Thread: Best practice for: ERROR: invalid byte sequence for encoding "UTF8"

Best practice for: ERROR: invalid byte sequence for encoding "UTF8"

From
"Ivan Zolotukhin"
Date:
Hello,

Imagine a web application that process text search queries from
clients. If one types a text search query in a browser it then sends
proper UTF-8 characters and application after all needed processing
(escaping, checks, etc) passes it to database. But if one modifies URL
of the query adding some trash non-UTF-8 characters, database raises
an error: invalid byte sequence for encoding "UTF8".

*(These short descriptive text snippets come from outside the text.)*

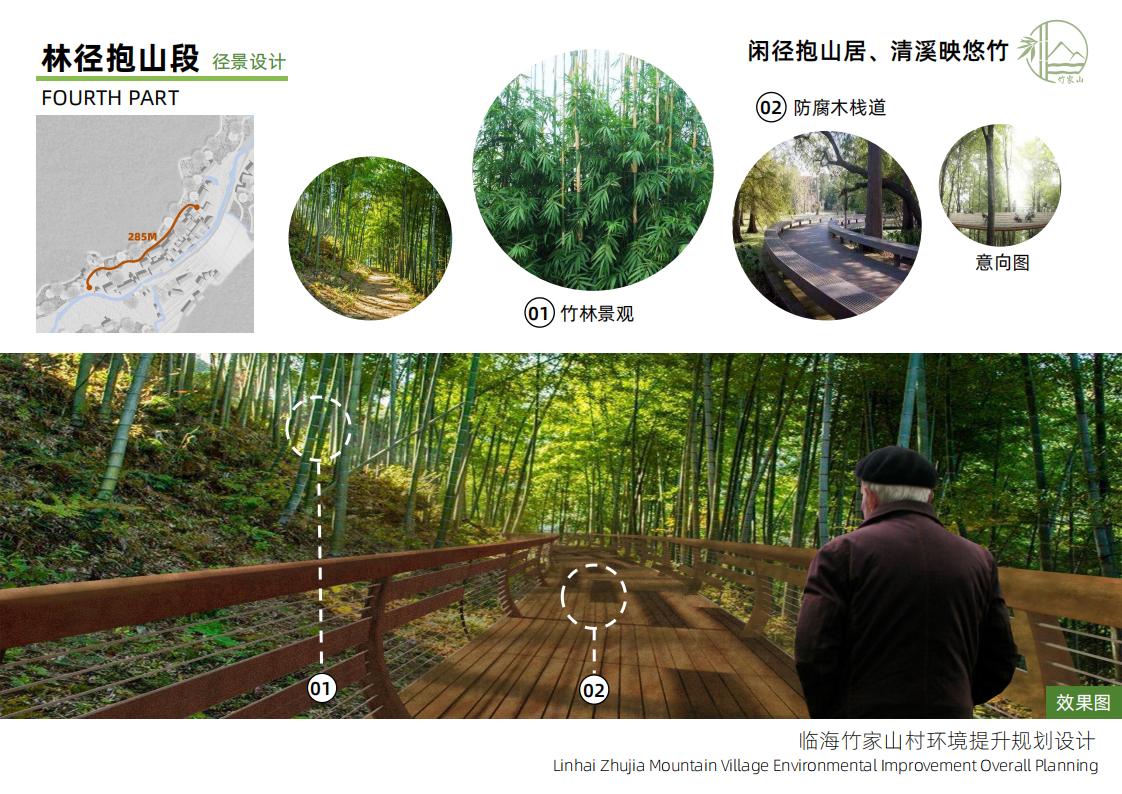 图片[32]-竹家山规划方案文本 - 由甫网-由甫网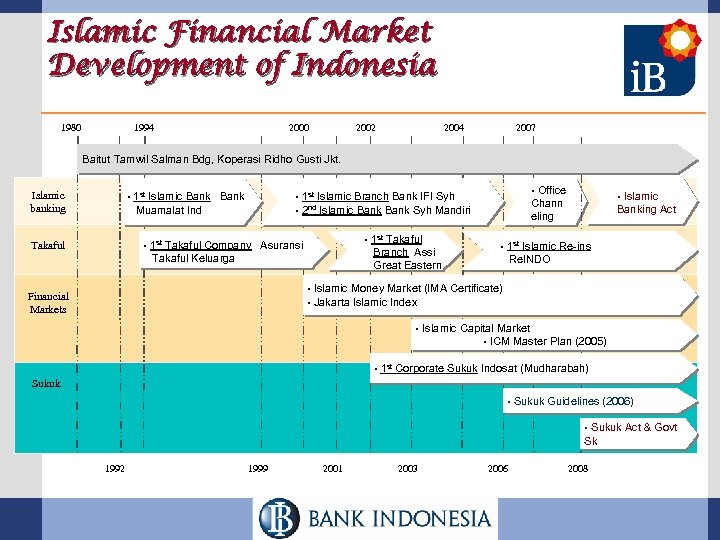 Islamic Financial Market Development of Indonesia 1980 1994 2000 2002 2004 2007 Baitut Tamwil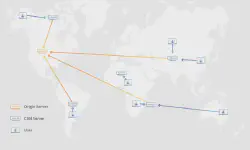 Featured image of post How to make your own CDN with 10 GB storage for free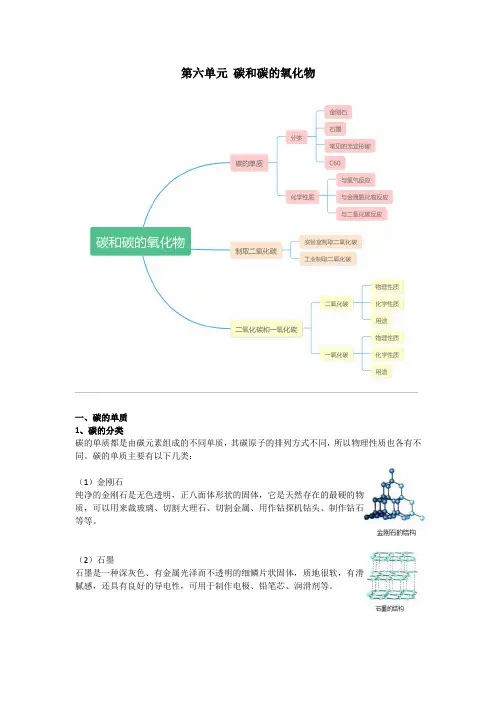 人教版九年级上册化学第六单元《碳和碳的氧化物》知识点汇总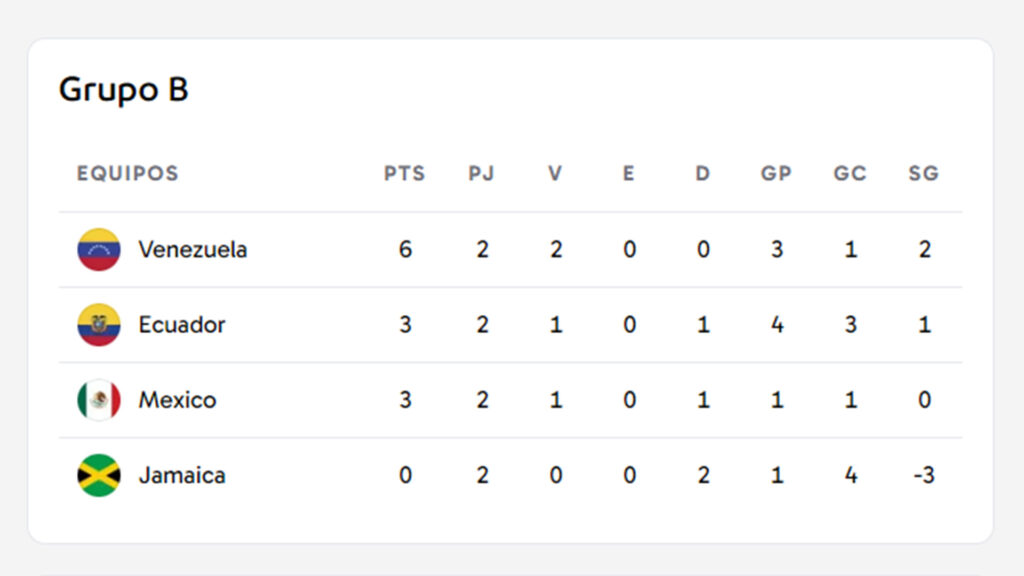 Actuales posiciones del Grupo B de la Copa América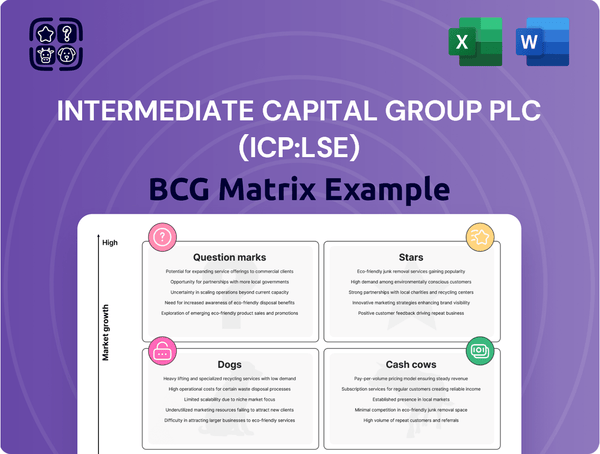 Intermediate Capital Group Plc (ICP:LSE) Boston Consulting Group Matrix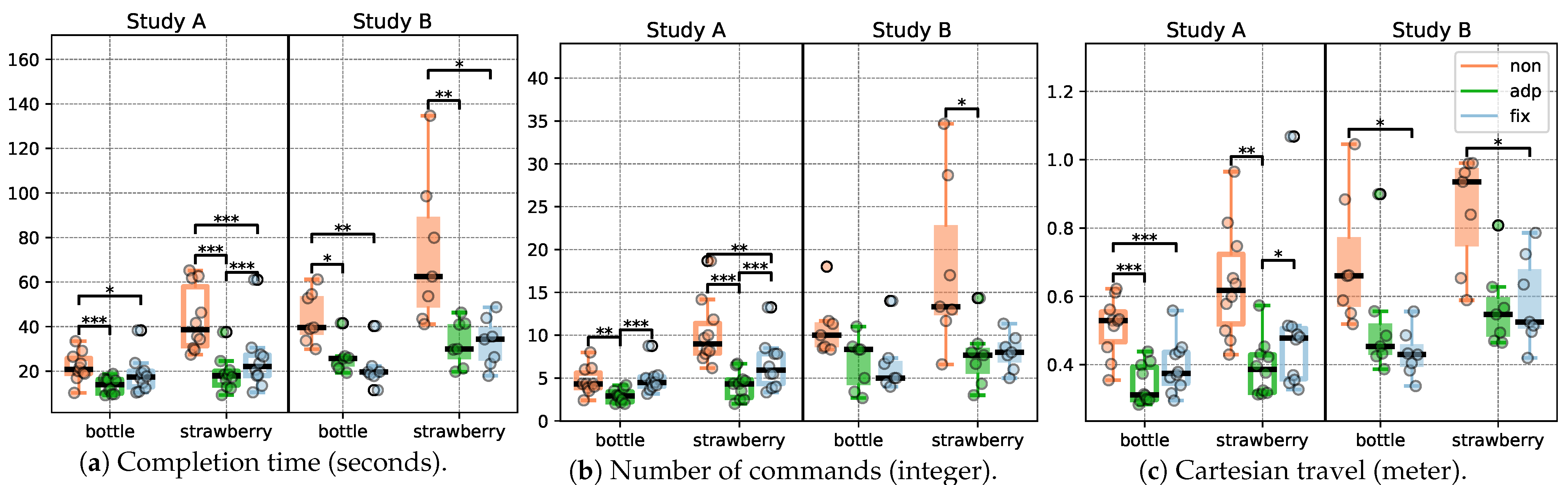 Applsci 12 04374 g010 550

What is the best practice to process such a broken strings before
passing them to PostgreSQL? Iconv from utf-8 to utf-8 dropping bad
characters?

--
Regards,
 Ivan

Re: Best practice for: ERROR: invalid byte sequence for encoding "UTF8"

From
Martijn van Oosterhout
Date:
On Wed, Aug 15, 2007 at 03:41:30PM +0400, Ivan Zolotukhin wrote:
> Hello,
>
> Imagine a web application that process text search queries from
> clients. If one types a text search query in a browser it then sends
> proper UTF-8 characters and application after all needed processing
> (escaping, checks, etc) passes it to database. But if one modifies URL
> of the query adding some trash non-UTF-8 characters, database raises
> an error: invalid byte sequence for encoding "UTF8".
>
> What is the best practice to process such a broken strings before
> passing them to PostgreSQL? Iconv from utf-8 to utf-8 dropping bad
> characters?

Well, the query as given by the user is invalid, so returning an error
message complaining about the invalid byte sequence seems entirely
reasonable.

I don't see any reason to try and be smart. There's no way you can
"fix" the query.

Have a nice day,
--
Martijn van Oosterhout   <kleptog@svana.org>   http://svana.org/kleptog/
> From each according to his ability. To each according to his ability to litigate.

Attachment

Re: Best practice for: ERROR: invalid byte sequence for encoding "UTF8"

From
"Phoenix Kiula"
Date:
On 15/08/07, Ivan Zolotukhin <ivan.zolotukhin@gmail.com> wrote:
> Hello,
>
> Imagine a web application that process text search queries from
> clients. If one types a text search query in a browser it then sends
> proper UTF-8 characters and application after all needed processing
> (escaping, checks, etc) passes it to database. But if one modifies URL
> of the query adding some trash non-UTF-8 characters, database raises
> an error: invalid byte sequence for encoding "UTF8".
>
> What is the best practice to process such a broken strings before
> passing them to PostgreSQL? Iconv from utf-8 to utf-8 dropping bad
> characters?



Could you do not do this from the application itself, before sending
it to the DB server? mb_convert_encoding() in PHP for instance?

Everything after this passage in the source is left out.